When Goodell spoke, mite and thrips numbers in the San Joaquin Valley had been low. “There seem to be more aphids in other crops this year than in the past, and we’re seeing some other sort of odd bugs around,” he said. “So aphids are one thing I would certainly keep my finger on the pulse on.”
Whiteflies are the “wild card” in the system this year. Growers in Arizona and Mexico were hit hard by whiteflies last year while those in California saw little, if any, of the insects. “I really don’t know if they could be a problem here this year, but this is another one you really want to watch carefully.
“The good news is we have some very effective insecticides to manage those pests.”
Lygus have several key summer annual weed hosts they can develop on, but tarweed, short pod mustard and tumbleweed are some of the more significant ones, according to Goodell.
The questions growers have to ask are how long are those going to be there, how many generations can Lygus produce on them and how widespread they are and how wide of an area is it?
“This year small pod mustard is the weed of choice,” he said. “You can find that all over the place. This yellow mustard looks like black mustard but blooms in May and June rather than during the winter or early spring. (Black mustard is a winter annual.) It grows mainly in patches along the roadside.
“I’m not seeing it growing anywhere close to where we’re growing cotton. It seems to be in the southern part of the valley and in the northern part. The central part of the valley around Fresno, I’m seeing much less.
Tarweed, a yellow, sticky composite flower, can be found on roadsides, along rail lines and especially on rangeland on both rims of the San Joaquin Valley. It can bloom from May through July and can utilize soil moisture for a long period of time.
“Last year, we had tarweed all along the I-5 corridor,” he said. “This year, I waited as long as I could to make a projection. I looked around, and I have just not been able to find tarweed. They’re blooming so I know they’re out there, but they’re just not very widespread.”
Goodell said fields near creeks, rivers or flooded areas might be at greater risk, but he did not expect severe infestations of Lygus in most areas during the earliest fruiting period for cotton.

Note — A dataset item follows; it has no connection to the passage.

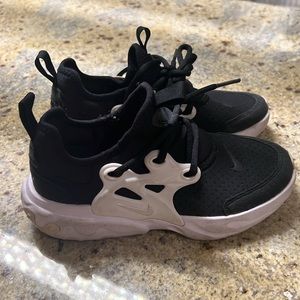 Kids Nike Sneakers black and white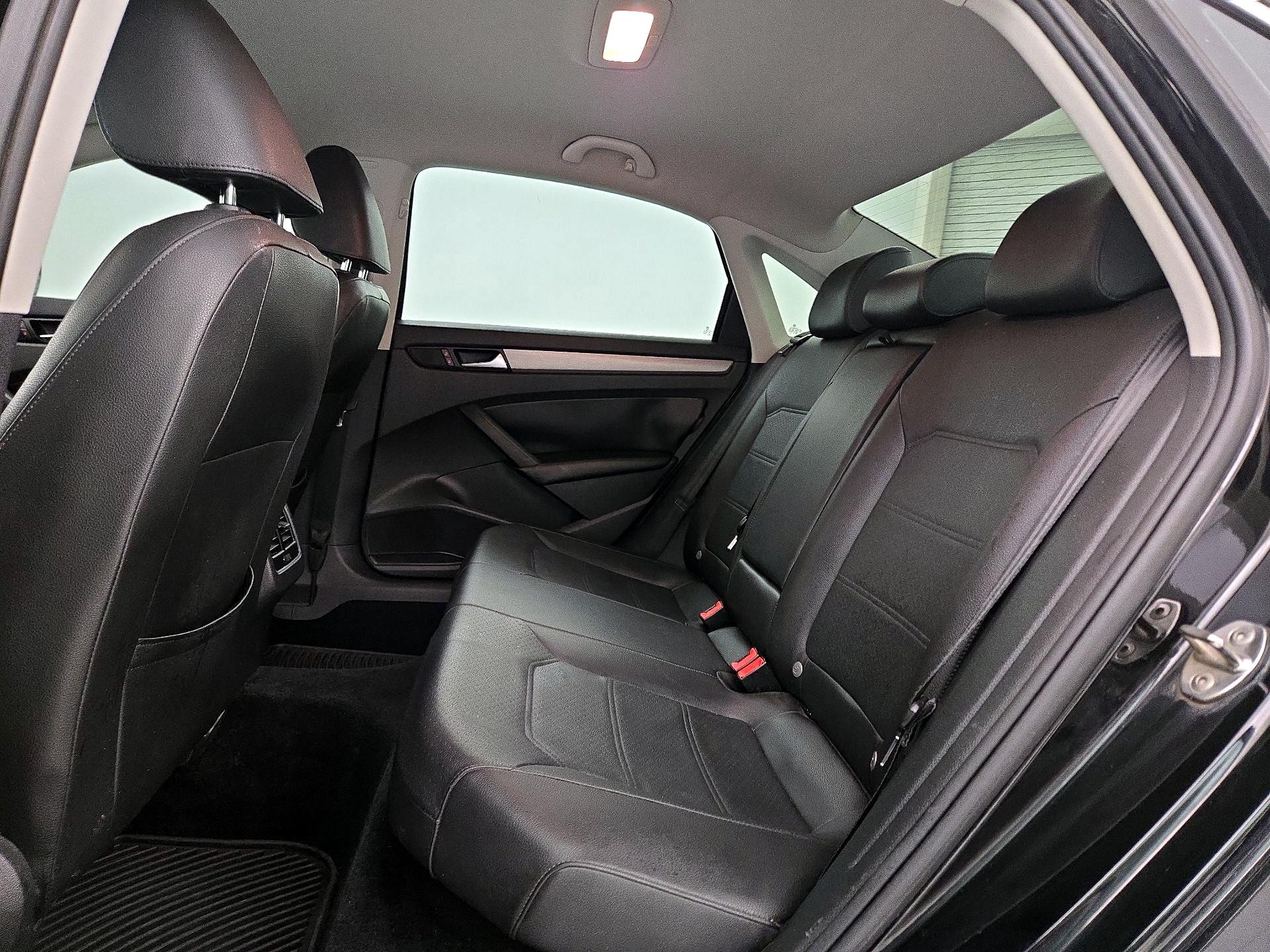 Thumbnail: 2015 Volkswagen Passat - 19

“The more substantial threat will be mid-season with Lygus moving from crops and weedy crops into cotton,” he noted. “As in most years, the crops bordering your cotton field will be the most significant source of Lygus. The movement into cotton will occur when these crops or their associated weed are no longer able to support a population, especially during July.”
Goodell says growers and farm advisors should ask themselves the following questions:
– What is in close proximity to their fields?
– Are Lygus present in the source field?
– When will the source be unable to sustain a Lygus population?
– How susceptible will the cotton be when the populations moves?
“Regular, twice weekly scouting of cotton is the best defense for not getting caught by surprise,” he said. “That and knowing what’s in the fields around you.”
Growers should also consider leaving uncut alfalfa strips during June, July and August to prevent wholesale movement of Lygus from alfalfa to cotton. “Alfalfa is the best reservoir for Lygus and, when managing any reservoir, it is unwise to release all the contents at one time.”